*INFORMATION SUPPLIED*.

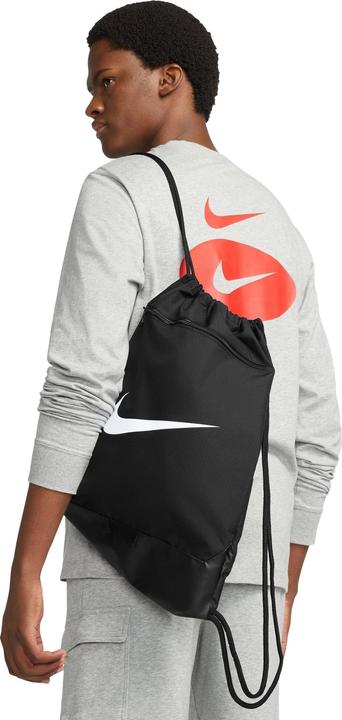 Actual product image Nike Brasilia 9.5 (18 l)
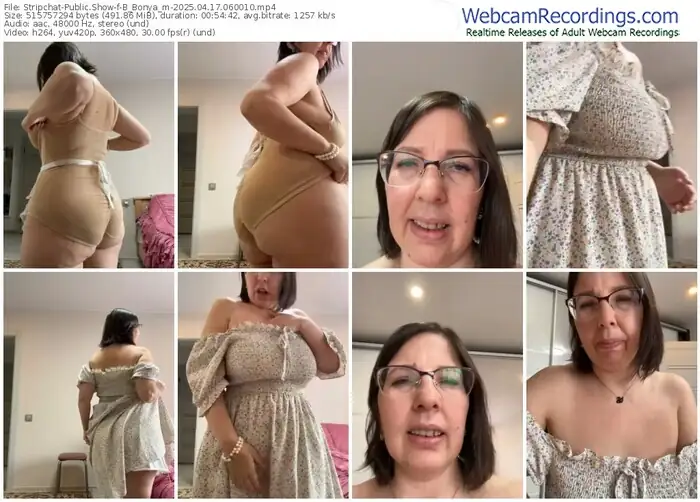 2025/04/17/stripchat-b_bonya_m-06-00-10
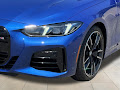 2026 BMW 4 Series M440i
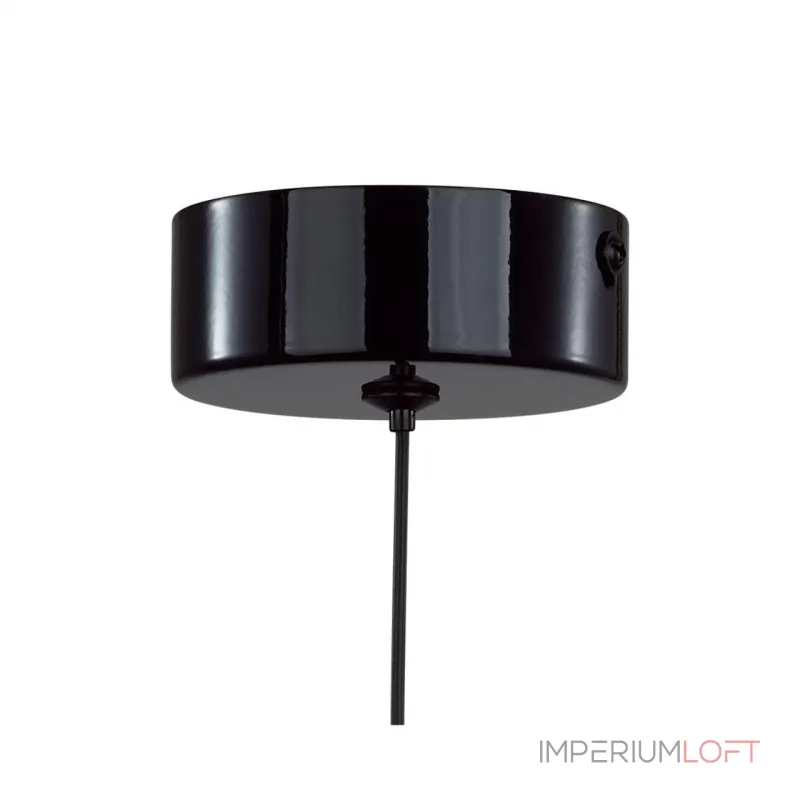 Подвесной светильник Lumion Ledio 6568/6L Подвесной светильник Lumion Ledio 6568/6L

*WHAT IS EXPECTED*.
The expected answer is the full listing above, transcribed exactly and without pictures.

*OUTPUT OF THE EXERCISE*.
 Actual product image Nike Brasilia 9.5 (18 l)
 2025/04/17/stripchat-b_bonya_m-06-00-10
 2026 BMW 4 Series M440i
 Подвесной светильник Lumion Ledio 6568/6L Подвесной светильник Lumion Ledio 6568/6L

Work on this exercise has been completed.